Intervention de Sébastien Chenu

Séance en hémicycle du samedi 24 octobre 2020 à 9h00
Prorogation de l'état d'urgence sanitaire — Discussion générale

Photo issue du site de l'Assemblée nationale ou de WikipediaSébastien Chenu :

Depuis sept mois, l'état d'urgence sanitaire s'est installé dans notre quotidien, régime d'exception tant attentatoire à nos libertés les plus fondamentales. Si rien ne nous permet d'affirmer qu'il s'agit là d'une épreuve illégitime infligée aux Français, nous devons admettre que nous avons perdu quelque chose dans cet état d'urgence : l'assurance de nos libertés. Contre la plus grave crise sanitaire qu'ait connue la France depuis un siècle, ont été troquées certaines libertés, y compris les plus palpables, comme la liberté de circuler. Peu à peu, nos libertés se sont réduites à des droits que l'État distribue – un État dépassé, qui restreint notre champ d'action. « La liberté, c'est de savoir danser avec ses chaînes », écrivait Nietzsche, mais même danser est aujourd'hui interdit aux Français – personne ne s'en réjouira.

Après le confinement vient le couvre-feu, sorte de confinement qui ne dit pas son nom et qui se généralise progressivement. Ce même État, dépassé depuis le début, s'octroie donc une extension tentaculaire de ses interventions et de ses prérogatives. Telle est bien la problématique qui nous occupe aujourd'hui : l'impossibilité que nous aurions de refuser, dans l'urgence, une extension des interventions de l'État, motivée par la sécurité sanitaire.
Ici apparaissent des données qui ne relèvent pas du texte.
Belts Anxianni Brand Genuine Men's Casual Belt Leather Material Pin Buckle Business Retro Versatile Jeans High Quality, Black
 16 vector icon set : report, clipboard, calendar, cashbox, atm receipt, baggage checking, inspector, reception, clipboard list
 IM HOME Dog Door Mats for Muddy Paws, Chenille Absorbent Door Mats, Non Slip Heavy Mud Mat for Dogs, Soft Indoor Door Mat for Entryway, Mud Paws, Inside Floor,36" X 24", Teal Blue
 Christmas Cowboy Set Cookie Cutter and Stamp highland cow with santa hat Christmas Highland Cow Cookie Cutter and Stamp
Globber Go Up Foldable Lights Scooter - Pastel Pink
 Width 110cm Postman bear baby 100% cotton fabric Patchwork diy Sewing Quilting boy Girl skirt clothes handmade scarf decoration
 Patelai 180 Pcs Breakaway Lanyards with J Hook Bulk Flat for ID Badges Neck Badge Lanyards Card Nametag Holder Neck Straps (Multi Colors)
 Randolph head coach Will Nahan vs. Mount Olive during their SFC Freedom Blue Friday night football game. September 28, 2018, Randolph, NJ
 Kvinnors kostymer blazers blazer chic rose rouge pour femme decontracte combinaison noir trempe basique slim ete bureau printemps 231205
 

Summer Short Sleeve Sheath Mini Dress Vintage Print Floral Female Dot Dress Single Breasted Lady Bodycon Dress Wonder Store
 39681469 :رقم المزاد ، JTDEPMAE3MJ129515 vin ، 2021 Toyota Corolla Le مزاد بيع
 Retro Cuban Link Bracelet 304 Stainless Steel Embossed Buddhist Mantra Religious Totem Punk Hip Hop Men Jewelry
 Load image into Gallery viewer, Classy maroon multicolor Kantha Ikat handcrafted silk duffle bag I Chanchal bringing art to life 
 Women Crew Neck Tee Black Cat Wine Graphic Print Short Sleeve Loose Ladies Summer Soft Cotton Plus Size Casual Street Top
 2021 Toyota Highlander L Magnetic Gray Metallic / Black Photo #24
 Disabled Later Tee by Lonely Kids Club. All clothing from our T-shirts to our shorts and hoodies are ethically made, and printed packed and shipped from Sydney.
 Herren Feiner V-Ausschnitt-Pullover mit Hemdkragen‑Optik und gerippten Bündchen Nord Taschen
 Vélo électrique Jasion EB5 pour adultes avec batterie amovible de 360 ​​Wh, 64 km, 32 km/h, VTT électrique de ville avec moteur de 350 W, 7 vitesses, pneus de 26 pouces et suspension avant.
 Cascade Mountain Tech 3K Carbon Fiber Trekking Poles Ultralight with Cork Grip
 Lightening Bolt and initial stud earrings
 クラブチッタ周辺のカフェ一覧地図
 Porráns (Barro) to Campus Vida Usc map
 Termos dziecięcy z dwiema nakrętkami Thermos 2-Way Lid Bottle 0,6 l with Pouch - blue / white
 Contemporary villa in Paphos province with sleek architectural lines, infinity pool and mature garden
Face à un principe des plus oxymoriques, l'état d'urgence de droit commun, il nous est impératif de définir le contrepoids à un régime d'exception de plus en plus mal vécu. Ce pouvoir de mise en discussion constante est bien le propre du Parlement. La très relative mansuétude que réservent les Français aux récentes dispositions ne constitue pas un consentement certain.

Si le peuple n'est pas directement consulté dans cette situation si astreignante, c'est donc bien au Parlement de parler : c'est une nécessité de premier ordre. Nous ne pouvons pas accepter de voir régresser nos libertés aussi longtemps sans une supervision du Parlement. Nous ne pouvons pas nous trouver dépossédés par des comités d'experts auxquels l'État s'en remet, sans une consultation parlementaire plus régulière et plus constante. La science ne doit pas – et ne peut pas – être une autorité plus haute que la démocratie. Je le répète, c'est au Parlement d'exercer une mission de contrôle permanent.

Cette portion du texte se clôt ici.